Could this incident — or an incident like it — trigger more aggressive actionagainst Syria by the international community? After all, Turkey is a member of NATO….

Its Charter affirms its all-for-one-and-one-for-all policy. Attacking one member is considered acting against all 28. Collective self-defense is called for.

On September 12, 2001, NATO invoked Article V for the first time. Will Syria be number two? If Turkey claims Damascus acted aggressively, will war follow?

“It is not an entirely unreasonable” possibility, said Friedman.

In April, Erdogan suggested he might invoke Article V. Whether he plans it now remains to be seen.

According to former UN Permanent Representative to NATO Kurt Volker, Article V gives NATO countries a chance to consult with one another on possible responses. It doesn’t automatically suggest a military one.

A response could be anything from a statement reiterating the inviolability of security guarantees to members coordinating activities so that they can respond to further attacks on Turkish interests.

Gulf of Tonkin Redux? celltrack3Volker doesn’t think Friday’s incident justifies war. At the same time, the ball advanced closer to initiating it without Security Council authorization.

One way would be by creating Syrian “safe zones,” providing greater opposition support, and conducting air strikes against strategic military sites.

“I do get the feeling,” he added, “that the patience of the international community is growing thinner.”

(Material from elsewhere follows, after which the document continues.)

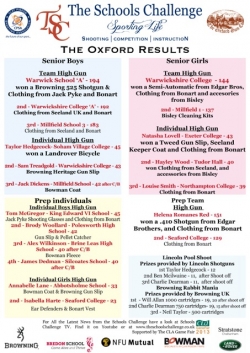 TSC Oxford results 2013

“I think we may be approaching a point at which this kind of coalition intervention is more thinkable than it was a couple of months ago.”

Atlantic Council managing editor James Joyner also doesn’t believe Friday’s incident justifies war.

“It would be one thing if Syria sent ground troops into Turkey and started shooting,” he said.  In contrast:

Shooting down a plane that might have been surveilling Syrian air space is just a different animal than that.

This is more of a harsh words and sanctions kind of thing, and frankly there’s not much more of that that we can do in terms of Syria.

On June 23, UK government controlled BBC headlined “Turkish warplane downed by Syria ‘may have crossed border,’ ” saying:

Turkish President Abdullah Gul said its aircraft may have violated Syrian airspace. Doing so isn’t unusual for short distances at high speed, he added.

“It is routine for jet fighters to sometimes fly in and out over (other) borders….when you consider their speed over the sea,” he claimed.

“These are not ill-intentioned things but happen beyond control due to the jets’ speed.”

Unexplained was that it’s one thing for peaceful neighbors occasionally to violate each other’s airspace without authorization.

No harm, no foul.

It’s quite another given months of intense violence in Syria and Turkey’s direct role.

Moreover, violating another country’s airspace by trying to avoid its defensive capabilities at low altitude shows clear hostile intent.

Damascus has every right to consider these type actions aggressive and threatening. Turkey would react the same way. So would Washington, key NATO partners and Israel.

A virtual state of war exists in Syria short of officially declaring it. These type incidents can easily be used as pretexts for full-blown conflict. It remains to be seen if Washington has that in mind.